This past week Jared Bernstein, who until last month was economic adviser to Vice President Joe Biden, let it be known that no new jobs stimulus, WPA-type programs or mortgage relief is even on the table for discussion among most of the president's advisers, and apparently for the president as well. While left and liberal economists from Paul Krugman to Brad DeLong to Robert Reich have been warning of this for some time, this is the first insider revelation confirming my worst fears. I felt stunned.
No doubt I should have taken the hint when the president's otherwise very fine address on the budget last month made no mention of unemployment, already on the rise again.
No doubt I should have taken note of the now obvious departures of the president's chief economic advisors. Cristina Romer, Austan Goolsbee, Bernstein -- even Lawrence Summers - all of them, it turns out, were advocates of addressing this depression with major structural and demand-side investments in jobs, infrastructure, tax reform. And all of them seem to have been beaten down and alienated by a scarlet alliance of "political realists," like GE chief Jeffrey Immelt who heads Obama's new Jobs and Competitiveness Council and White House Chief of Staff William Daley, and the banking industry, represented by Treasury Secretary Timothy Geithner.

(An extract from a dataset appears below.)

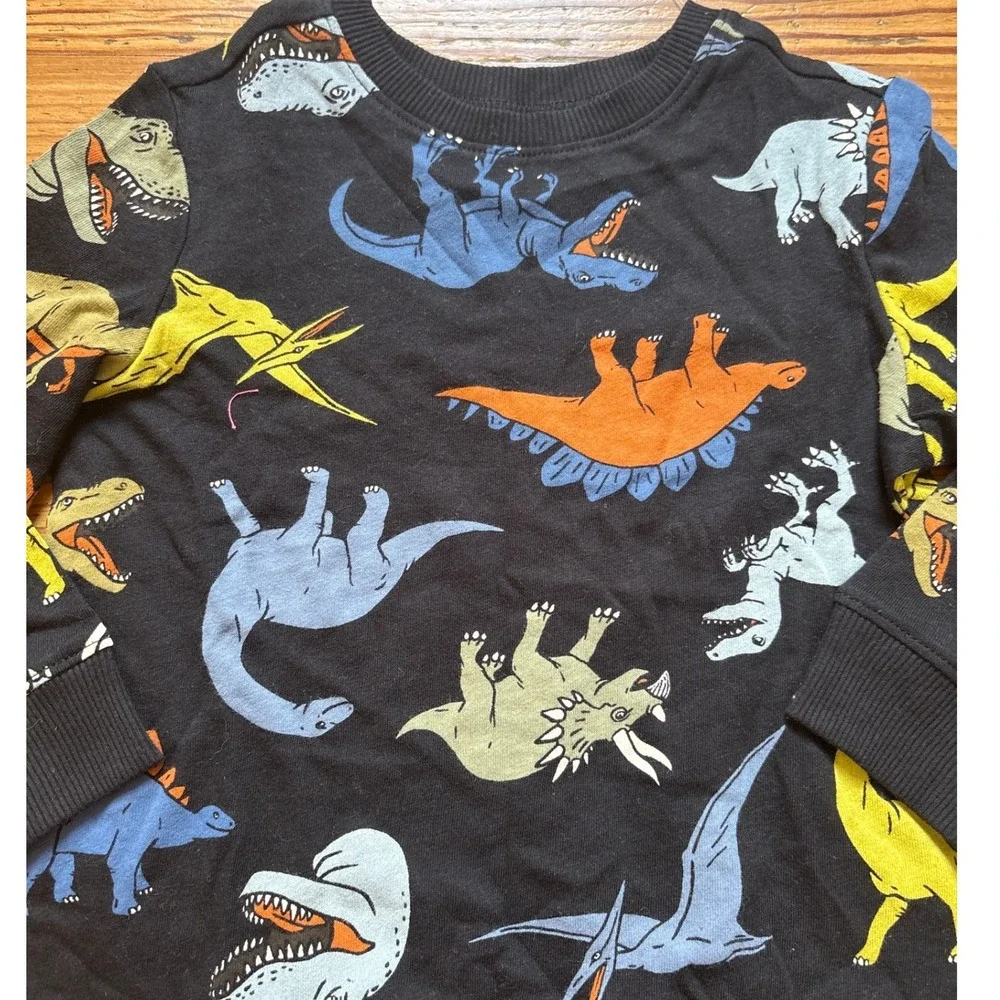 Old Navy Dinosaur Long Sleeve Shirt Kids Black Graphic Print NWT SIZE 2T‎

The lesson apparently drawn by these "realists" from the anti-democratic, soak-the-people Republican attacks in the November 2010 elections is that there is no alternative to austerity politics. Debt and deficits are more important than jobs.
This is the same philosophy that is tearing up Europe, and will likely fracture the European Union. It is the same policy that took hold of Congress in 1936-37, beat back Roosevelt reforms, and led to the famous "double-dip" in the Great Depression. That "dip" was only reversed by the massive 110 percent of GDP investments of World War II.
It is the same policy for which Paul Krugman and the best minds in the economics profession have compellingly argued there is absolutely no foundation in the short run.
The truth is, there will be no solution to the debt problem unless people go back to work, AND their incomes rise. You don't really have to be an economist to understand that.
It was one thing for then-Treasury-Secretary Robert Rubin to pursue debt repayment when employment was booming in the tech explosion of the 1990s. To adopt that policy today, with unemployment rising, is just crazy.
But not so crazy if you are a banker, or rich. Deflation and unemployment work fine for them. Low wages for workers works fine for them. They don't care about affordable health care - they can afford it no matter the price. They don't care about public education - they can buy it privately. They don't care about Social Security - they don't need it. You might need a bunch more prisons for the social decay that austerity will engender. But low taxes, gated communities, and long-haired preachers focused on the rapture can soothe that, make it almost disappear.
I am a big believer in dividing the top dogs of finance capital as a key tactic of working class and democratic politics. If they are united against you, their power is simply too great to overcome. But the austerity advocates are dogs you should be very careful about letting into your house! Your best friends, and for sure your spouse, are not going to hang around if you do!
The lessons of Spain and Portugal are fair warning. Despite social democratic leadership, they became hostage to German bankers. The Spanish and Portuguese governments caved to the banks' austerity demands. The result: the voters have thown them out.
Lesson: If you ignore mass unemployment, even if it's not your fault, you will be punished. Voters have limited ways of saying, en masse, "NO NO NO to austerity!" The rise in the polls of both Mitt Romney (a man of absolutely no integrity), and Ron Paul (a front man for militia, tea party and white supremacist groupings) should be a serious warning.